For more about the thinking behind this recipe, see Make Your Best Mexican Lager.
Batch size: 5 gallons (19 liters)
Brewhouse efficiency: 72%
6 lb (2.7 kg) Maris Otter
3 lb (1.4 kg) flaked corn
4 oz (113 g) Munich
HOPS & ADDITIONS SCHEDULE
0.5 oz (14 g) Motueka at 60 minutes [12 IBUs]
1 tablet Whirlfloc at 15 minutes
1 oz (28 g) Motueka at 5 minutes [5 IBUs]

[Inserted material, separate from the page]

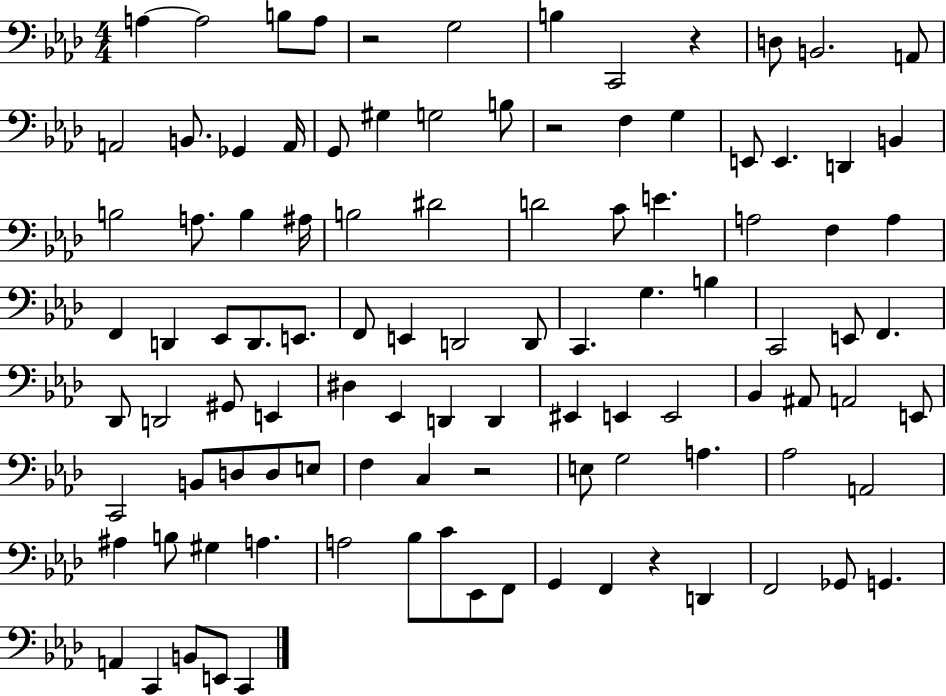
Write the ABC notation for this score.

White Labs WLP940 Mexican Lager or Wyeast 2278 Czech Pilsner
Mill the grains and mash at 152°F (67°C) for 60 minutes. Vorlauf until the runnings are clear, then run off into the kettle. Sparge and top up as necessary to get about 6 gallons (23 liters) of wort—or more, depending on your evaporation rate. Boil 60 minutes, adding hops and finings according to the schedule. After the boil, chill to about 50°F (10°C), aerate well, and pitch plenty of healthy yeast. Ferment at 56°F (13°C) for 7 days, then allow the temperature to rise to 70°F (21°C) for a diacetyl rest. When fermentation is complete, crash to 35°C (2°C), then package and carbonate to about 2 volumes. Store cold for at least 6 weeks before serving.
You may find that you need more kettle finings than usual here, or a hit of gelatin (or Biofine) before packaging. But bear in mind that it will also clear in the keg or bottle while lagering, and that brilliantly clear beer will look as good as it tastes.